It is hoped that the project could enable future generations of prosthetic limbs to respond directly to instructions from users’ muscles, and also improve control of digital spaces by removing the need for handheld controllers in virtual or extended reality.
Currently, electromyography (EMG) is the most widely-used method for monitoring muscle activity. It takes readings from electrodes placed on the skin, but the sensitivity is limited by the need to read signals through muscle and skin. This limitation makes it difficult for EMG to be used in human-machine interface devices such as prosthetics.
Over the next two years, the MAGNABLE team will work to develop a new human-machine interface capable of producing high-resolution, low-noise scans of muscle activity by measuring muscles’ magnetic fields.
A proposed alternative to EMG is magnetomyography (MMG), a technique for mapping muscle activity by recording the magnetic fields produced by electrical currents occurring naturally in the muscles. At the moment, MMG is challenging to use for muscle activity monitoring as the amplitude of magnetic signals from muscles is small enough for the geomagnetic field to interfere with readings. To overcome this, the MAGNABLE system plans to build on recent developments from the University of Glasgow’s Microelectronics Lab, in which researchers have developed miniaturised magnetic sensors to measure the magnetic field with the sensitivity required to enable muscle activity monitoring.

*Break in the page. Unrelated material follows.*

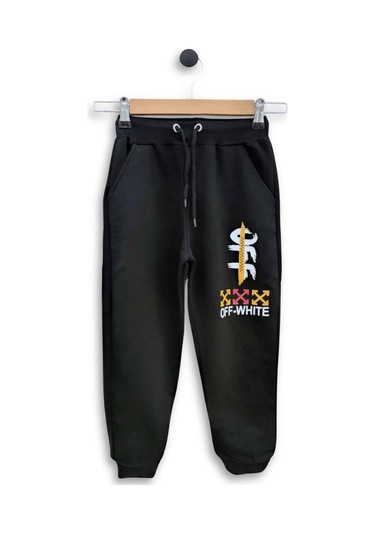 Triliya - Erkek Çocuk İkili Takım Off-white Baskılı Tişört Ve Eşofman Altı Takımı 3-11 Yaş 001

The project plans to use this to develop a microchip which can read MMG data from muscles, whilst screening out background noise. Once the microchip is finalised, university spinout Neuranics Ltd will look to bring it to market to enable new forms of human-machine interaction.
“MMG has a great deal of potential to produce the kind of high-resolution data that we’ll need in order to create highly capable neural interfaces which can be controlled by muscle movements, just like real limbs,” said Professor Hadi Heidari, MAGNABLE’s principal investigator. “The technology we’re developing could also be incorporated into arm bands or other wearable devices to enable realistic interactions with virtual and extended reality.”
MAGNABLE is supported by the European Union’s Marie Skłodowska-Curie Actions.